3. Mais le peuple ne devrait-il pas être surtout cela : le nom de l’irruption scandaleuse des sans-parts sur la scène du politique ? En ce sens, le nom même du minoritaire protestant contre l’ordre établi, contre le partage des dignités, des biens et des valeurs ? Le moyen nécessaire par lequel un groupe d’êtres humains, « exclus sans espoir », se subjectivise et devient force de bouleversement politique ?
4. J’assiste aux élections présidentielles et le peuple ne cesse d’être invoqué, interpellé. On entend très fortement son nom aux extrêmes et, malgré mon attention aux sens contradictoires du terme, je ne parviens pas à en distinguer très nettement les usages. Jusqu’à quel point le nom de la subjectivation des sans-parts se différencie-t-il du nom du corps politique intégral ? Le fantasme du peuple total trouve une énergie puissante dans le sentiment de sa relégation ; et le peuple exclu ne condamne-t-il pas tout ce qui prétend le déléguer, le différer et le représenter (les élites, les privilégiés, les politiques) ? Surtout, ces deux usages du peuple n’unissent-ils pas leurs forces pour se scandaliser, ensemble, d’un projet transnational qui menace d’assourdir l’évidence de leur présence sur la scène politique ?
Il me semble qu’en ce début de XXIe siècle, il est tout à fait impossible de dégager un « peuple » qui nomme la pure énergie du minoritaire sans qu’il soit, d’une manière ou d’une autre, repris par la figure du corps politique intégral. Le jeu des différences ne s’est-il pas effacé à mesure que le cadre juridico-politique de l’Etat-Nation qui en avait généralisé les usages disparaissait et que s’y substituait un fantasme sans limite issu de sa perte ? Caractères italiques ou romains, majuscule ou minuscule à l’initiale, rien n’y fait : je ne sais pas ce que nomme le « peuple » qui a voté Trump.
5. Par un mélange d’attachement sentimental et de respect pour cette figure, aussi fantasmée et trouée soit-elle, qui avait fait l’Histoire, je ne peux que garder le terme – et cela en dépit de la démonstration qui précède de son oscillation sans fin et de sa compromission avec le biopolitique.

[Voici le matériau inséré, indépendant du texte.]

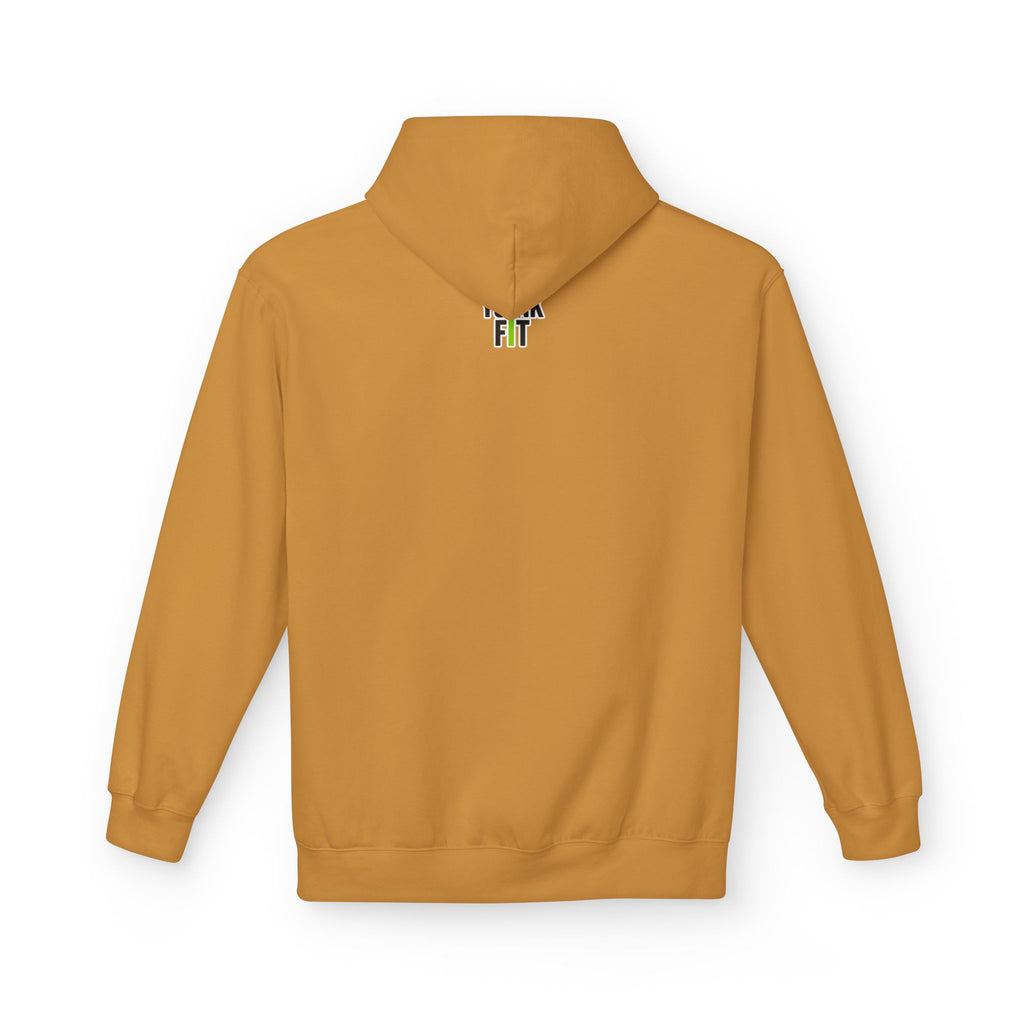 Hoodie - Cat Butt Sketch Design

C’est une émotion à laquelle je consens à condition toutefois qu’elle ne cherche pas à relancer, sous une forme faussement nouvelle (cyber-peuple, peuple connecté ou peuple hologramme), une figure dont la tragique équivoque obstrue, pour moi, la pensée d’une politique à venir. Ce n’est ainsi que sous la forme du chagrin provoqué par sa perte que le « peuple » fait sens pour moi aujourd’hui.